No siempre uno se detiene a pensar el largo curso que sigue el agua antes de salir por el grifo. En el caso de Avilés el 80% procede del Narcea y en menor medida del río La Magdalena, y el 20 % restante o bien del Consorcio para el Abastecimiento de Agua y Saneamiento del Principado (Cadasa) o de la fuente de La Fervencia, en Romadorio (Castrillón). A excepción de la de Cadasa, que ya la sirve apta para el consumo humano, en su mayoría canalizada desde el embalse de Tanes, se depura en la estación de tratamiento de agua potable de La Lleda, una moderna instalación gestionada por Aguas de Avilés, la empresa mixta adjudicataria del abastecimiento y el saneamiento.

Desde allí se vierten a la red unos 6,3 millones de metros cúbicos al año, volumen que descontando pérdidas -apenas un 20%, lo que significa una alta tasa de aprovechamiento- arroja una media de 172 litros por habitante y día. La cifra incluye la de uso industrial a excepción de la de ArcelorMittal, que tiene su propia red, y mantiene una tímida tendencia a la baja iniciada años atrás.

La estación de La Lleda abrió ayer sus puertas al público en conmemoración del Día Mundial del Agua, instaurado en 1993 con el fin de hacer ver que sin agua no hay vida y de concienciar de la importancia que tiene usarla de modo racional. La del Narcea llega a través del el canal homónimo, inaugurado 1965 y propiedad de ArcelorMittal, que cobra un canon a los ayuntamientos beneficiarios. La toma está en Quinzanas. La del río La Magdalena se bombea en una estación próxima al pabellón de congresos y exposiciones homónimo y se mezcla con la del Narcea antes de entrar en la estación.

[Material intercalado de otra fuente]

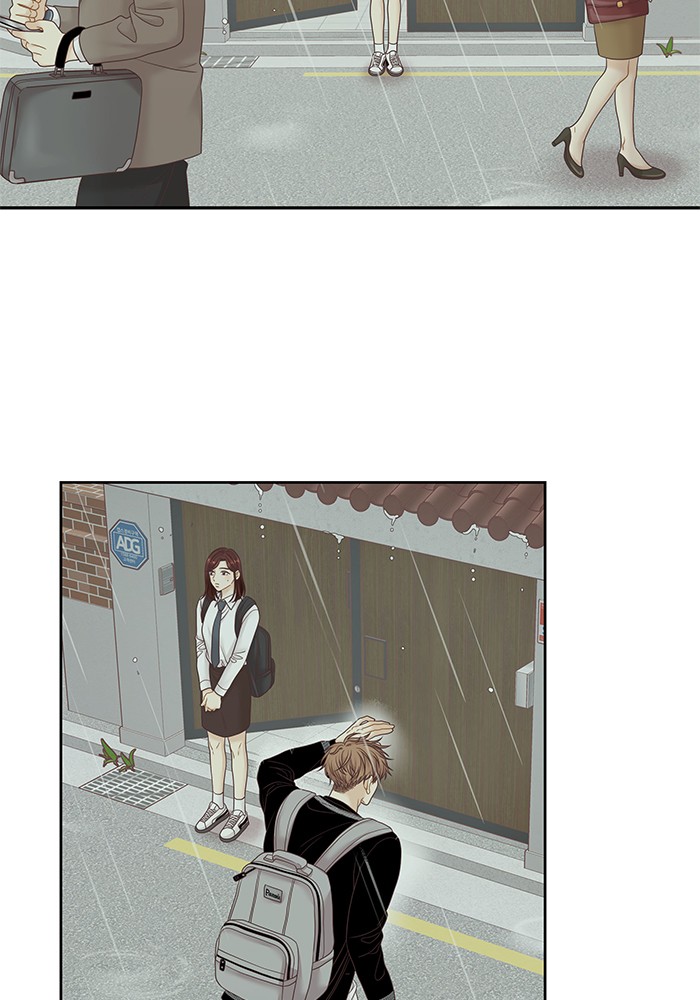 Girl’s World ( World of Girl ) Chapter 252 - page 18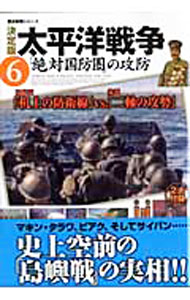 【中古】太平洋戦争 6/ (単行本)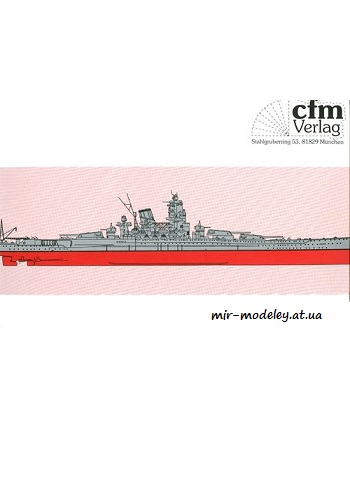IJN Yamato (CFM Verlag) из бумаги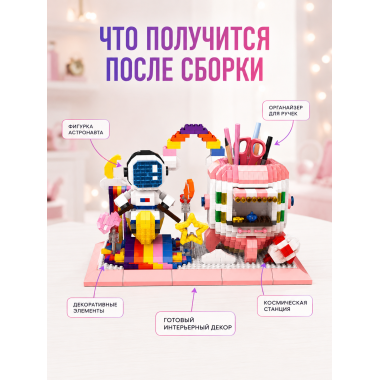 Конструктор P1160 Космонавт, подставка под канцелярию 1557 дет 25х19х5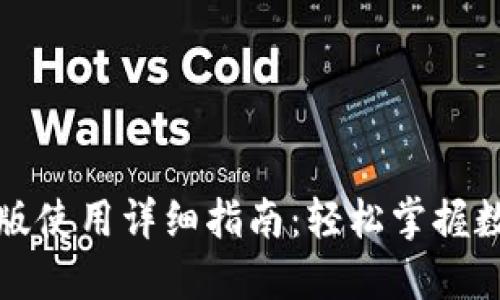 小狐狸钱包互转版使用详细指南:轻松掌握数字货币互转技巧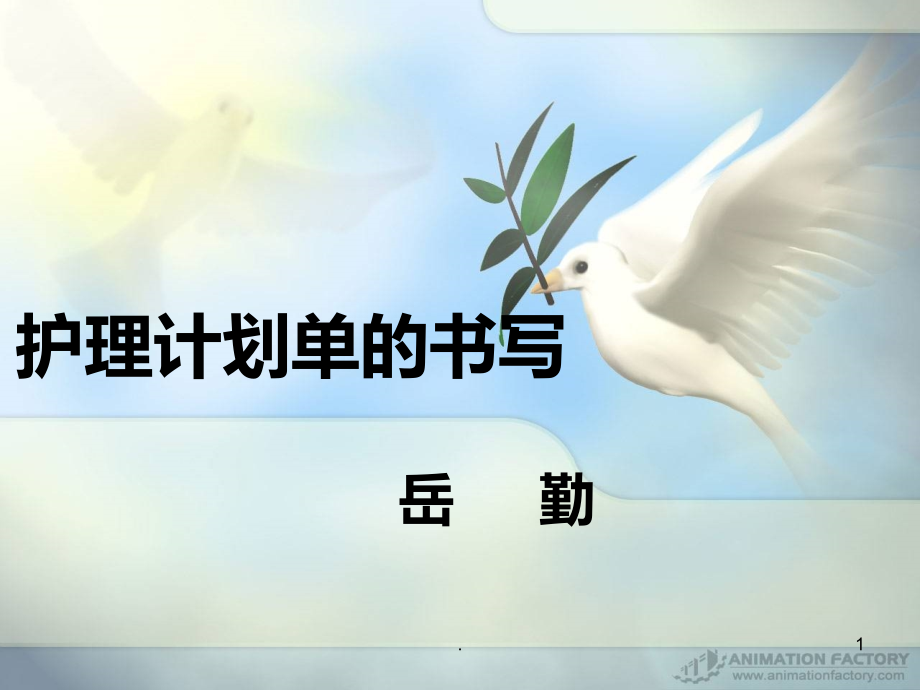 护理计划单的书写PPT课件.ppt_第1页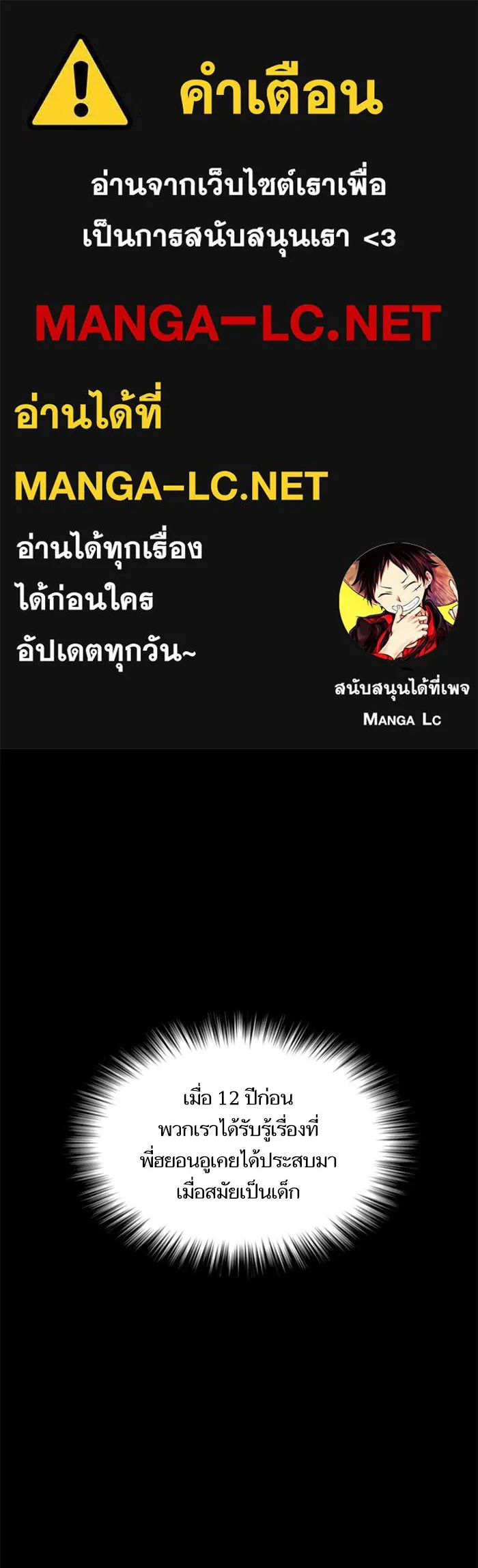 The Tutorial Tower of the Advanced Player – ผู้เล่นขั้นเทพแห่งหอคอยฝึกสอน Chap 12 - Next Chap 13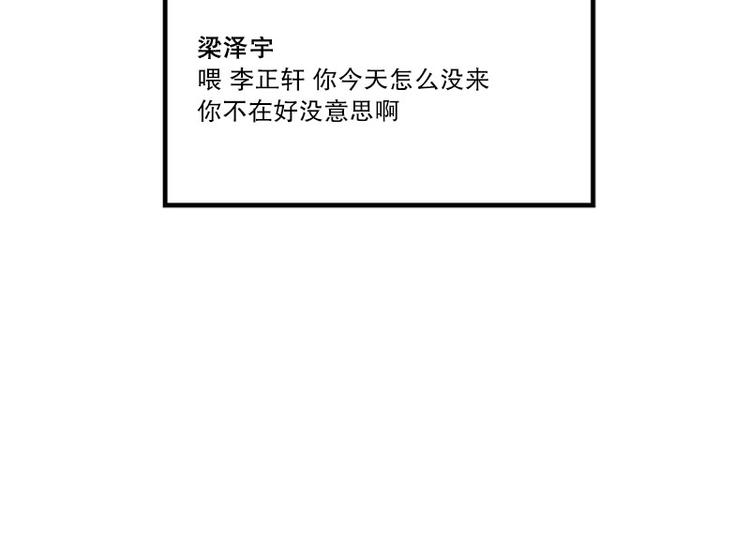 《我被学弟治愈了》第18话 空虚 第48页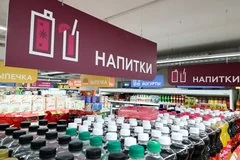 Роспотребнадзор приостановил продажи популярной грузинской воды и алкогольной продукции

La planta es simétrica, dos sistemas idénticos pero independientes que garantizan el suministro en caso de avería en una de las dos partes.

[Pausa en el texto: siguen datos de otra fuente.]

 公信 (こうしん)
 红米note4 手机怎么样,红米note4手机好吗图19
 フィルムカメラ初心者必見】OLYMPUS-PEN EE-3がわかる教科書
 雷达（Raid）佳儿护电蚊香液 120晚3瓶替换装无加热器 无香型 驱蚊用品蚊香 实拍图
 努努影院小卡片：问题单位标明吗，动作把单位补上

Valeriano Rey, director técnico de Aguas de Avilés, explicó el proceso. En primer lugar se analiza diariamente para determinar la cantidad de productos químicos que precisa en función de su turbiedad. Después pasa por una reja de desbaste, un decantador, unos filtros de arena de sílice y finalmente se conduce a los depósitos, de 25.000 y 15.000 metros cúbicos, que hay en la propia estación y a otros seis de menor capacidad ubicados en distintos puntos del municipio.

Rey puso el acento en la calidad del agua de Avilés, «muy alta», en su precio, «mil veces menos que la envasada» y en la huella hídrica, el volumen total de agua dulce usado para producir bienes y servicios o consumidos por un individuo o comunidad. «El agua está detrás de todo, sin agua no hay nada», concienció a los visitantes, entre los que se encontraban un grupo de escolares.